Make EMS Pay Equitable

To the Editor: 

February 21, 2019

Labor Commissioner Bob Linn (Feb. 15 article) makes the argument that EMS salaries are far lower than FDNY and NYPD pay by comparing EMTs and Medics working for the city to private providers.

Well, there aren’t any private fire departments or private police departments providing those services to the citizens of New York. Case closed.

The truth is that EMS salaries are an accident of history and lack of political will to make things right. From the ranks of hospital drivers and orderlies, EMS salaries originated in the pay scales granted to members of DC 37 Local 420. Of course, mainly minority workers, on the lowest rung of the healthcare totem pole.

When EMS began to be recognized as a real profession, no one went to bat for these new bold fighters who brought medicine to the streets, implementing an EMT curriculum developed by the Federal DOT after studying the huge numbers of those killed and injured in car crashes in the highway system, and what could be done to use the “golden hour” to save lives.

The lessons of Vietnam—how combat medics made a difference in the field—were also part of the genesis of EMS. But no one fought for EMS parity, except the workers themselves.

Who could possibly deny these men and women a decent and comparable wage?
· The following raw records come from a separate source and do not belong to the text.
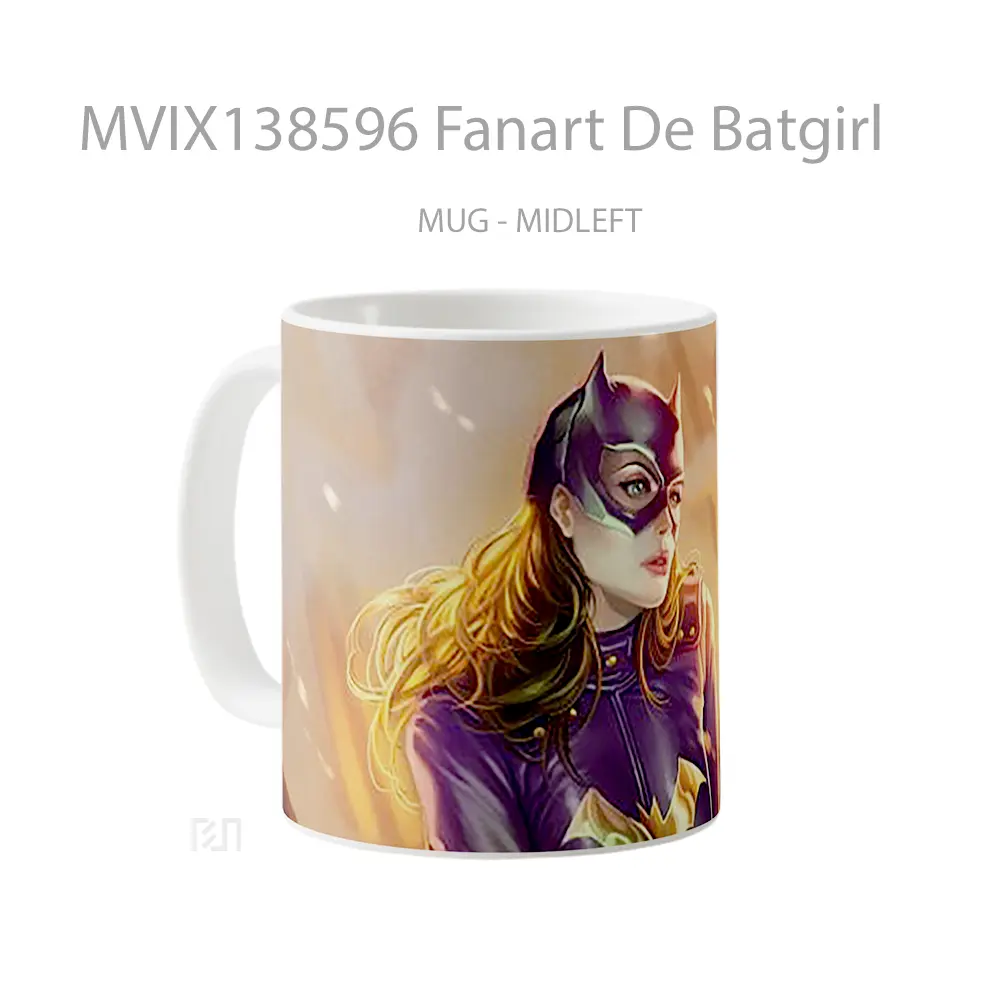 Mug Fanart De Batgirl Gelas Superhero - All-side / Desain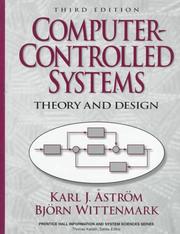 Cover of: Computer-Controlled Systems: Theory and Design (3rd Edition)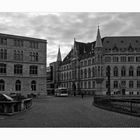 Brunswick " Blick zum neuen Rathaus, am Morgen "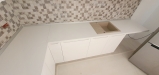 Mobilier bucătărie din MDF vopsit cu blat termorezistent – 5,3 m, montaj în Bacău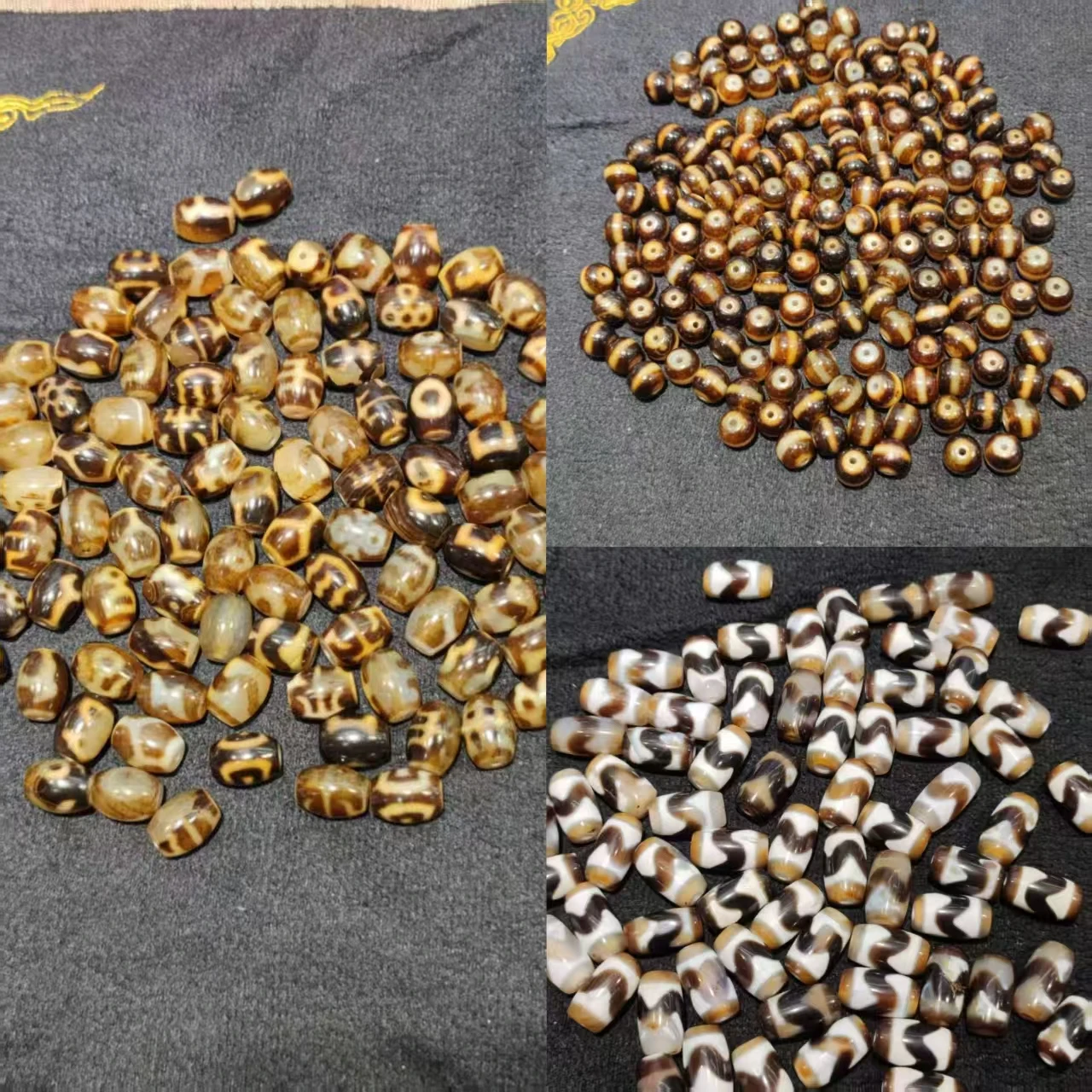 100pcs dziWholesale packing accessories black white line beaded tiger tooth Daluo treasure bottle trilingual bracelet necklace
100pcs dziWholesale packing accessories black white line beaded tiger tooth Daluo treasure bottle trilingual bracelet necklace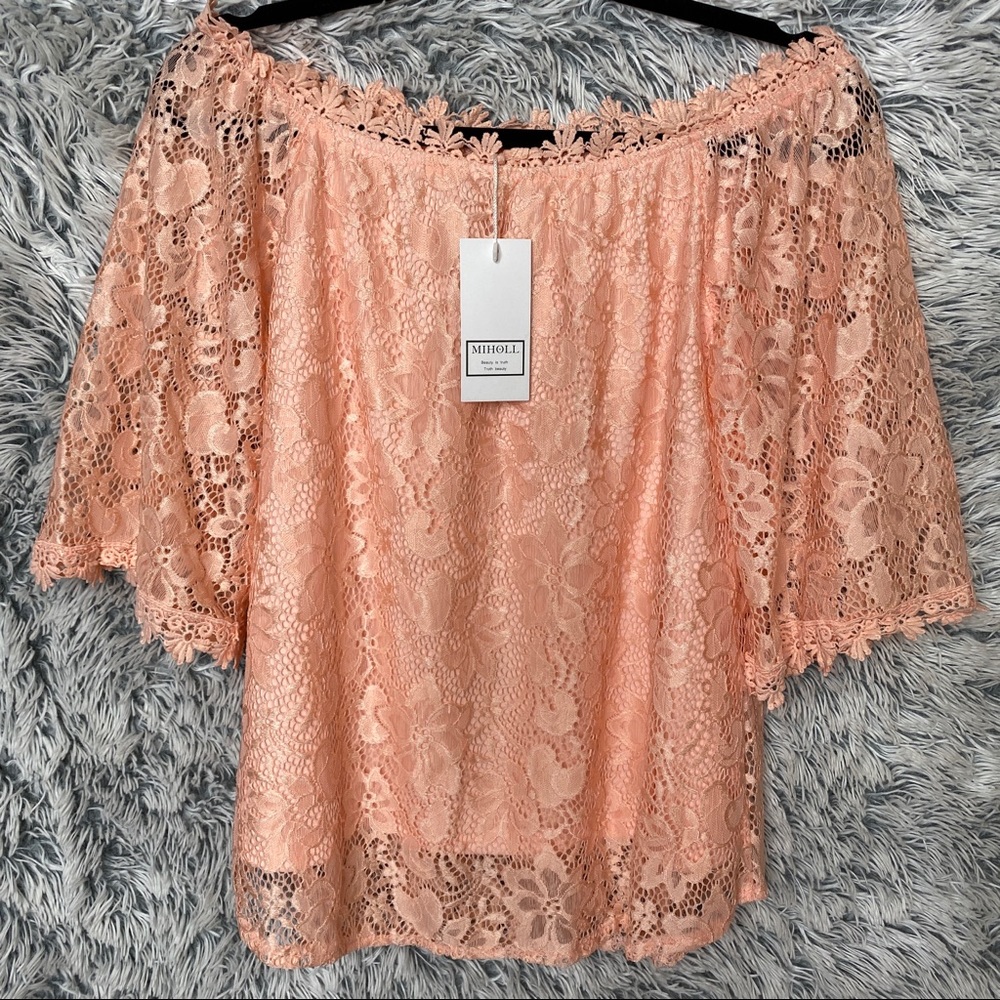 Women’s Lace Off Shoulder Tops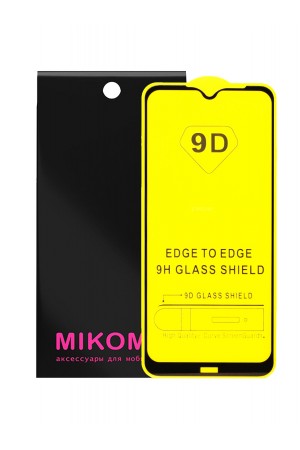 Защитное стекло 9D Mikomo для Xiaomi Redmi Note 8T, черная рамка, полный клей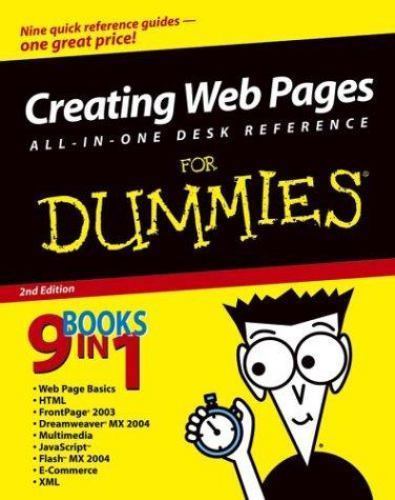 Creating Web Pages All-In-One Desk Reference for Dummies by Emily A. Vander Veer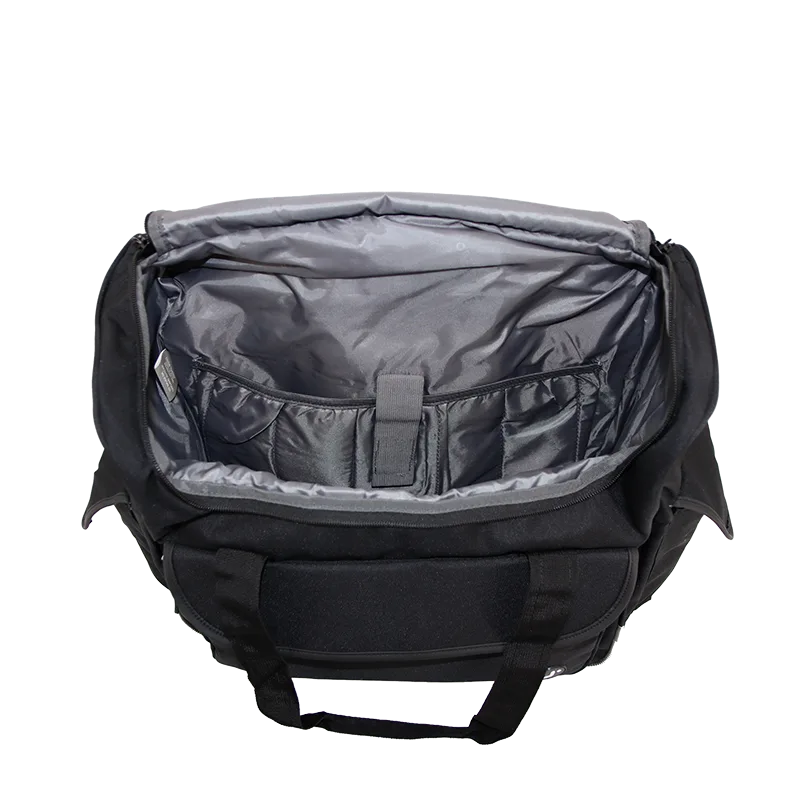 J World Donna Rolling Duffel Bag in Black — interior view # color_Black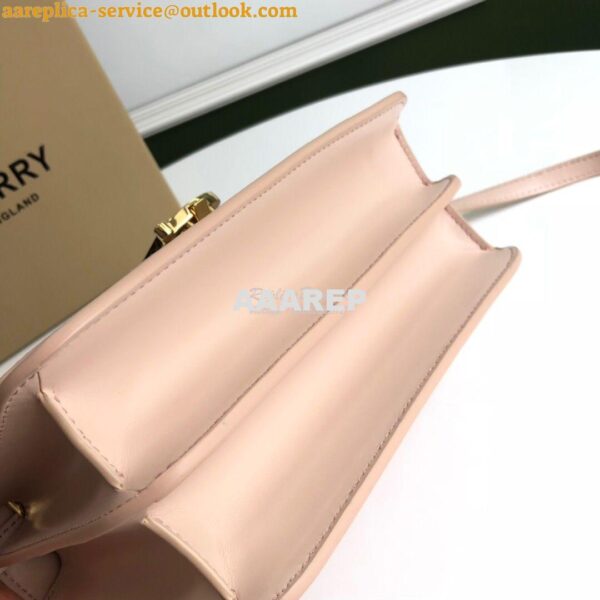 Replica Burberry TB Leather Bag 80103351 Rose beige 10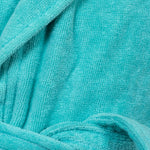 Kids Velour Bathrobe in Minty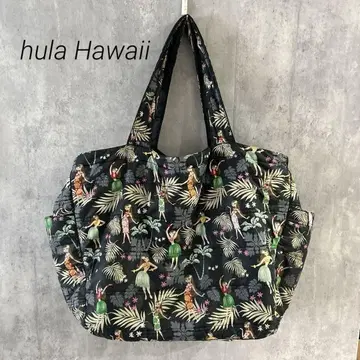 hula 하와이안 프린트 토트백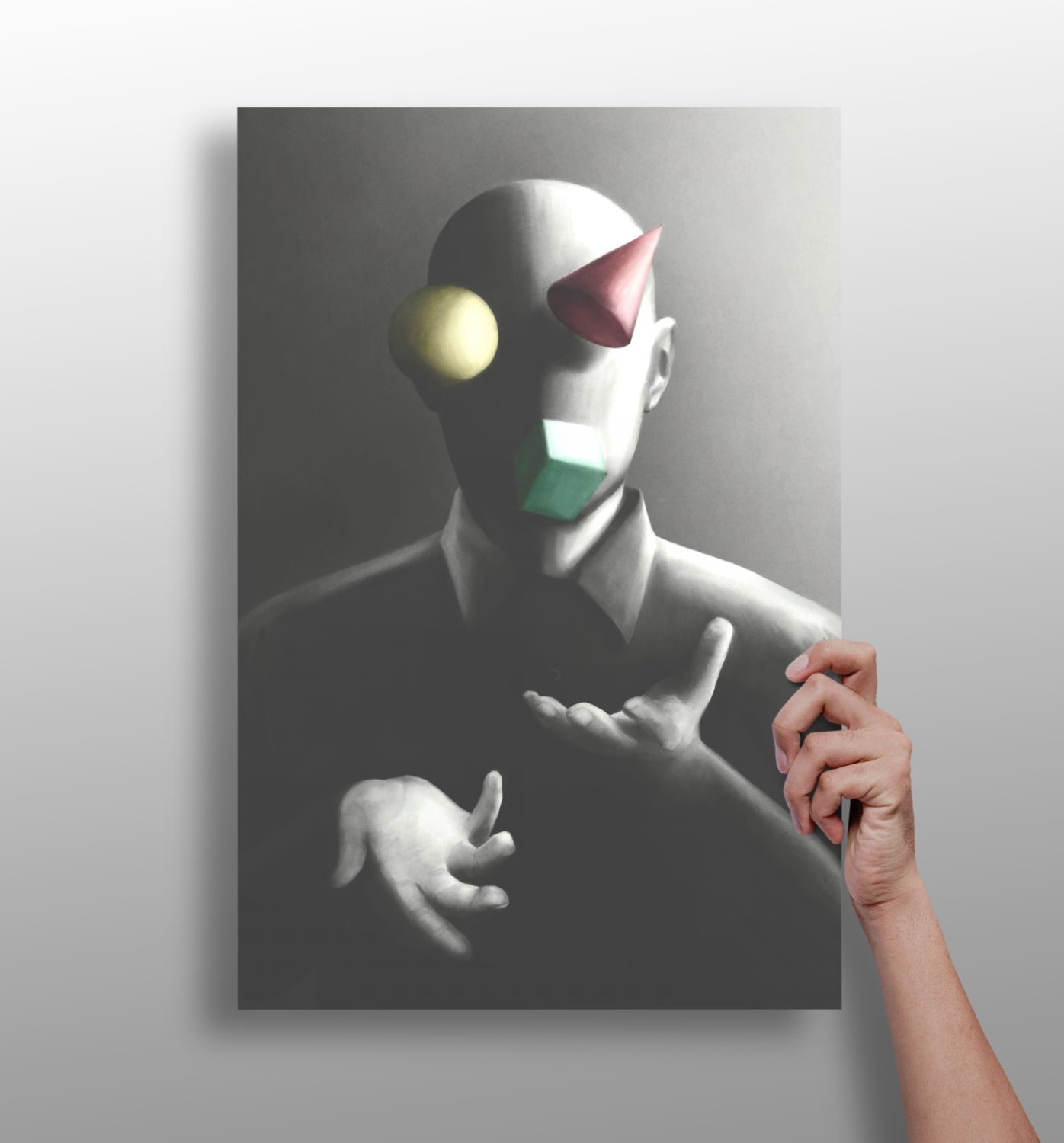 Geometry Aluminum Print with bold geometric pattern design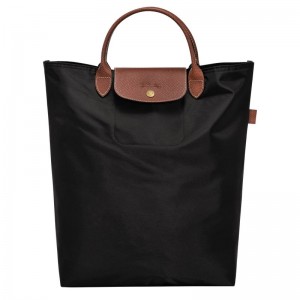 Black - Canvas Longchamp Le Pliage Original M Tote Men Handbag | AU8901OK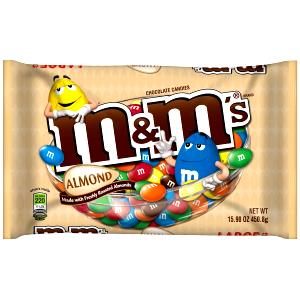 1 1/2 Oz Almond Chocolate Candies Red & Green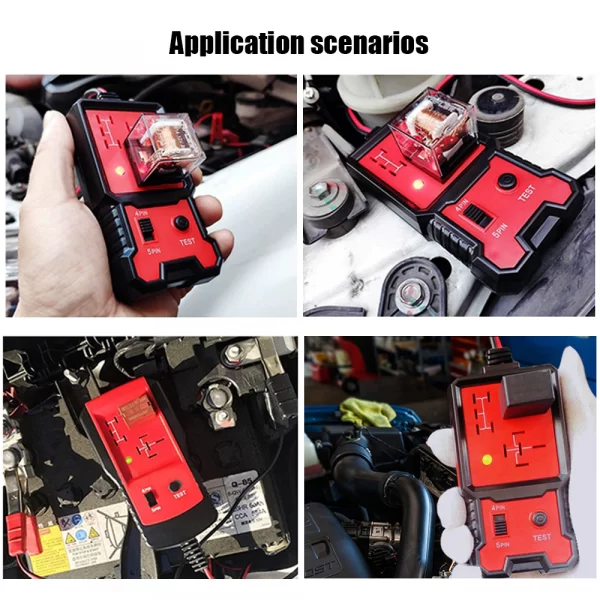 Tester Relay Probador De Alternador Batería Diagnostico 12v - Imagen 7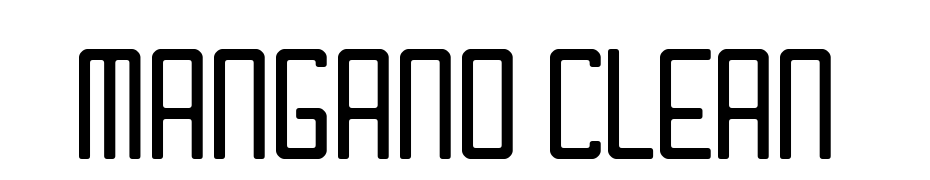 Mangano Clean Yazı tipi ücretsiz indir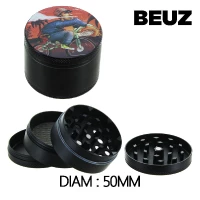 Grinder Beuz Bike Noir 50 mm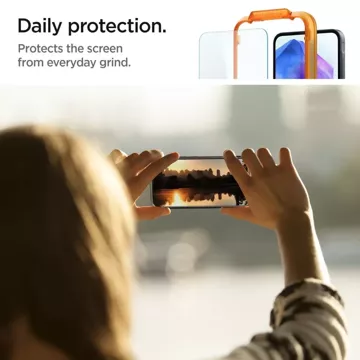 Spigen Alm Glas.tR Panzerglas 2er-Pack für Samsung Galaxy A55 5G Klar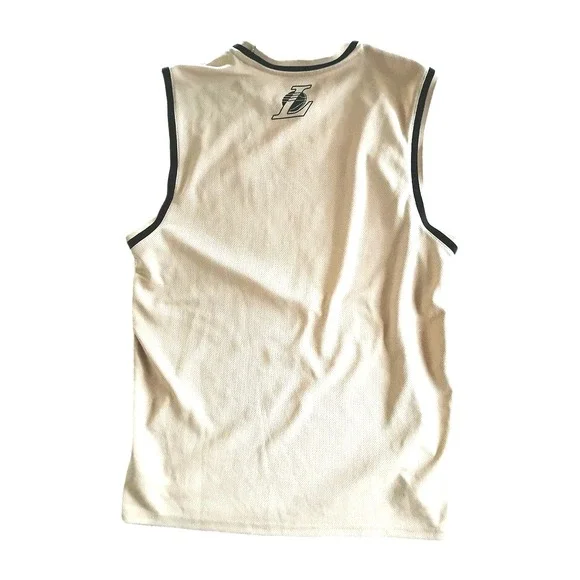 NBA LOS ANGELES LAKERS TAN BASKETBALL JERSEY YOUTH SIZE MED - Picture 2 of 4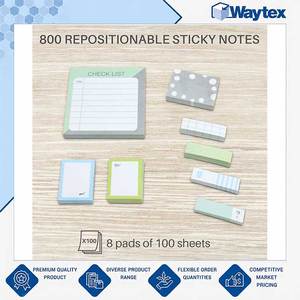 Bloc de Notas Reposicionables de Primera Calidad en Caja de Regalo, 800 Hojas (8 x 100 Blocs) con Diseño Pastel Disponible para la Venta - Product Image 4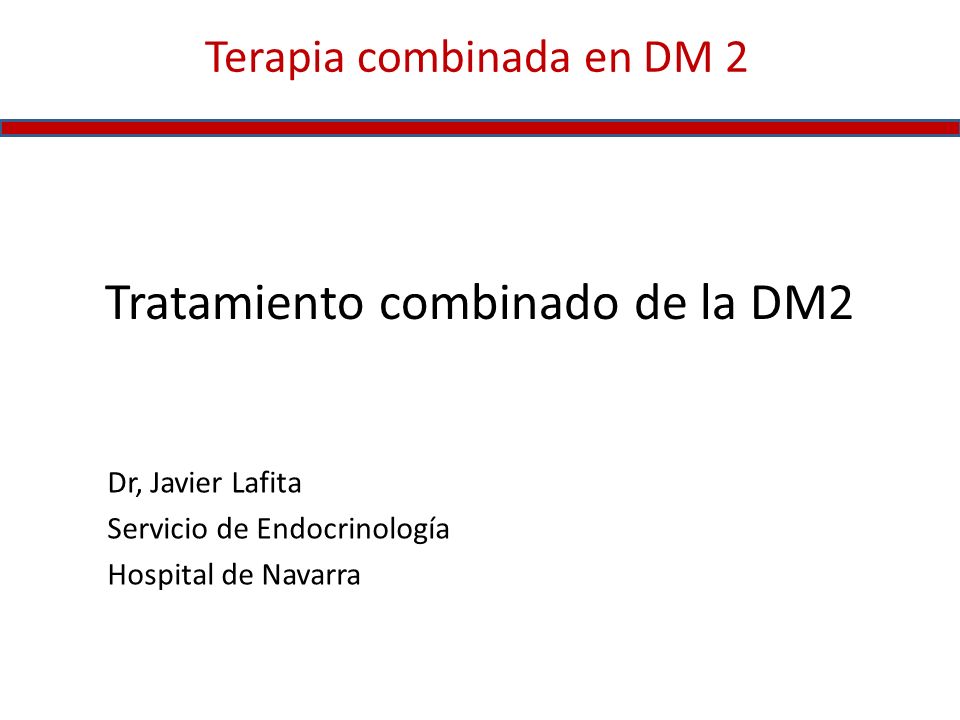 Tratamiento combinado de la DM2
What possible argument could be made in good conscience that the EMT or Medic who shows up at your house or your crisis in the street—with all of the multitude of interpersonal and medical skills that requires—doesn’t deserve the same pay as a Firefighter or Police Officer? But it’s the same way today.

Unless the EMS unions can employ brinksmanship when it counts, and gain powerful political allies, this accident of history will continue.